▸ **ASSIGNED TASK**:
Give again, character for character, the lines that lie between the first line of the material and the line with "bedroom featuring visible", inclusive. Omit pictures.

▸ **DATA EXTRACTS**:
-- -- --

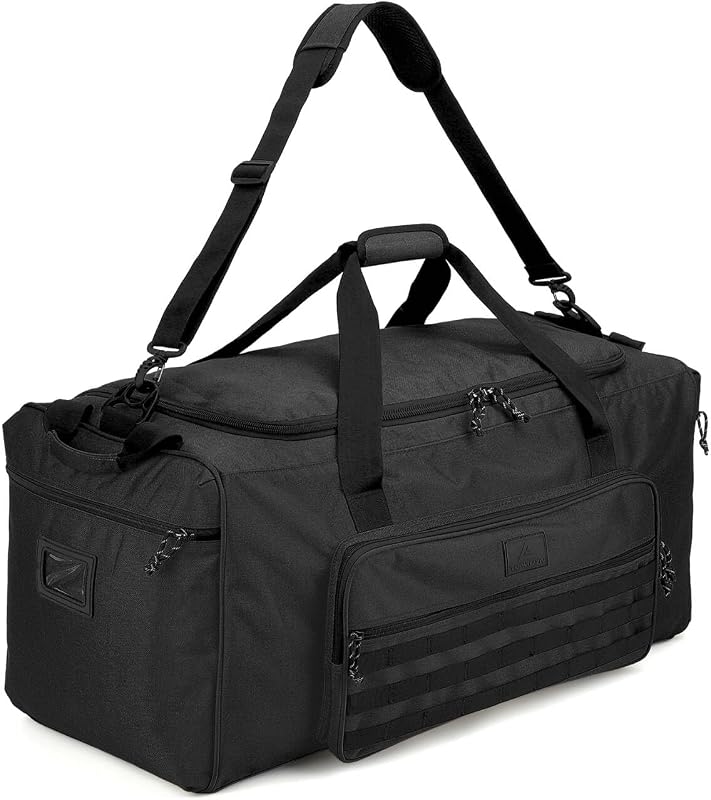 Bolsa de lona extra grande para gimnasio de 120 litros para hombres y mujeres con compartimento para zapatos Bolsa de lona para deportes tácticos de alta resistencia Bolsa grande para equipos de equipo de fútbol, ​​béisbol, baloncesto, fútbol, ​​hockey, color negro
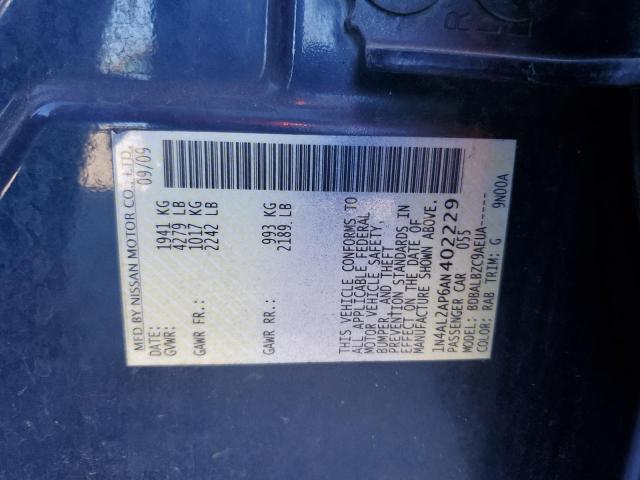 1N4AL2AP6AN402229 - 2010 NISSAN ALTIMA BASE BLUE photo 13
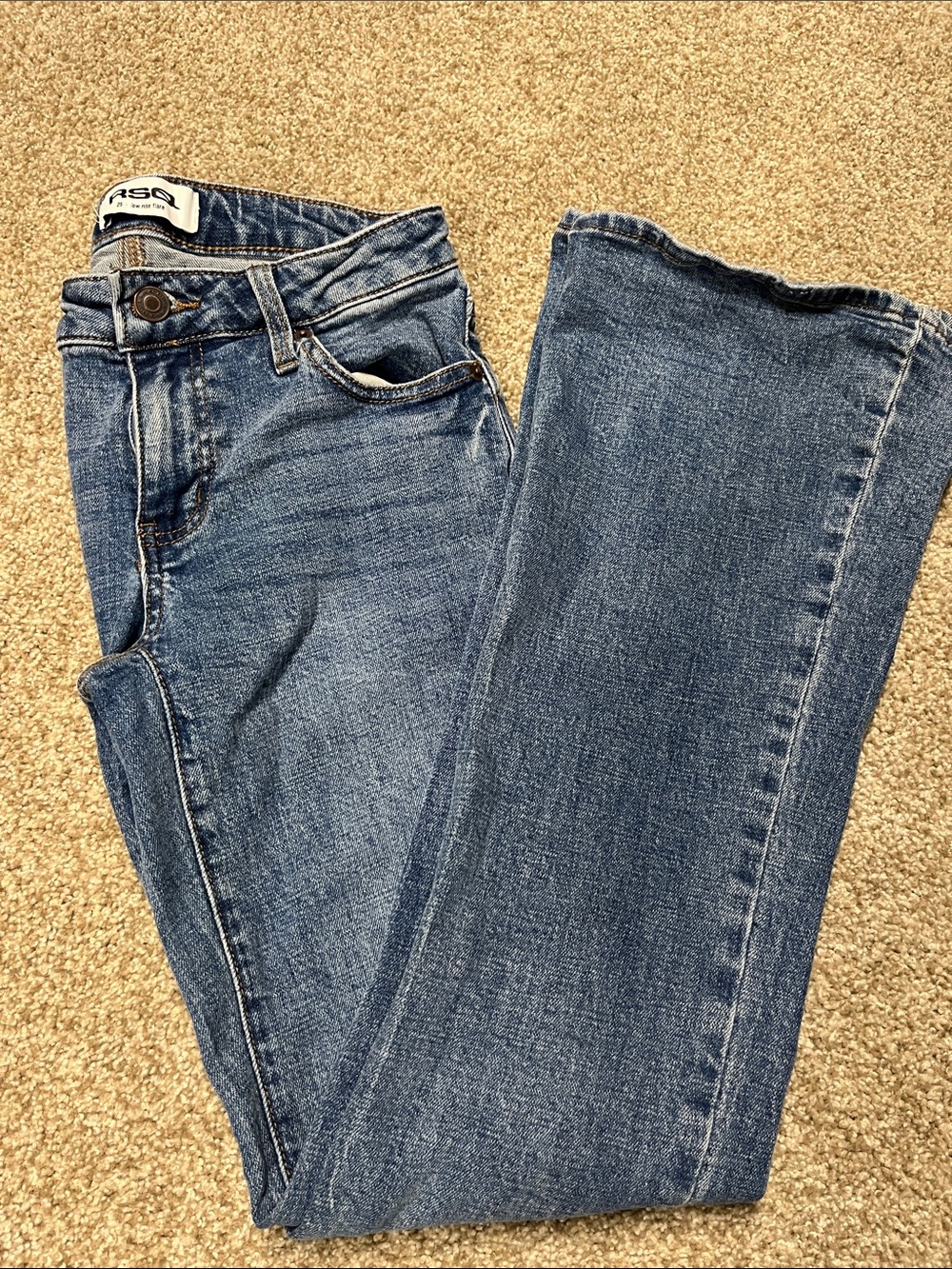 ASOS Mid-Blue Women's flow rise flare Jeans size 25 #2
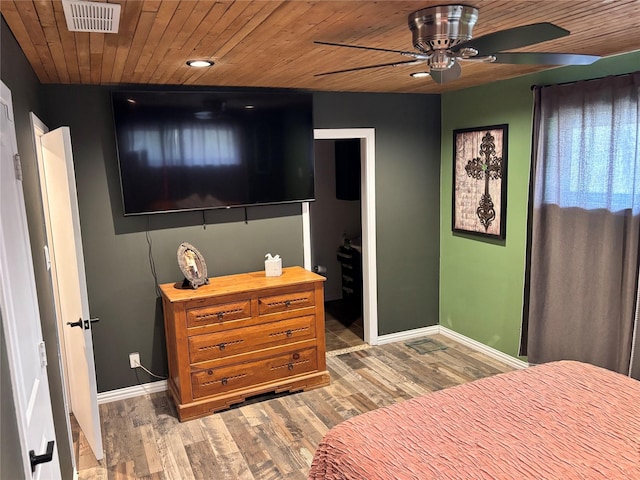 bedroom featuring visible vents, a ceiling fan, wood finished floors, wooden ceiling, and baseboards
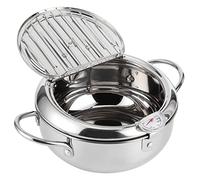 Pentola per Friggitrice, Friggitrice per Tempura in Acciaio Inossidabile in Stile Giapponese con Termometro, Coperchio e Scolagocce per Olio, per Cucina Domestica Patatine Fritte, Pesce(20cm)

-- -- --

▸ **SOLUTION**:
 Bolsa de lona extra grande para gimnasio de 120 litros para hombres y mujeres con compartimento para zapatos Bolsa de lona para deportes tácticos de alta resistencia Bolsa grande para equipos de equipo de fútbol, ​​béisbol, baloncesto, fútbol, ​​hockey, color negro
 1N4AL2AP6AN402229 - 2010 NISSAN ALTIMA BASE BLUE photo 13
 ASOS Mid-Blue Women's flow rise flare Jeans size 25 #2
 bedroom featuring visible vents, a ceiling fan, wood finished floors, wooden ceiling, and baseboards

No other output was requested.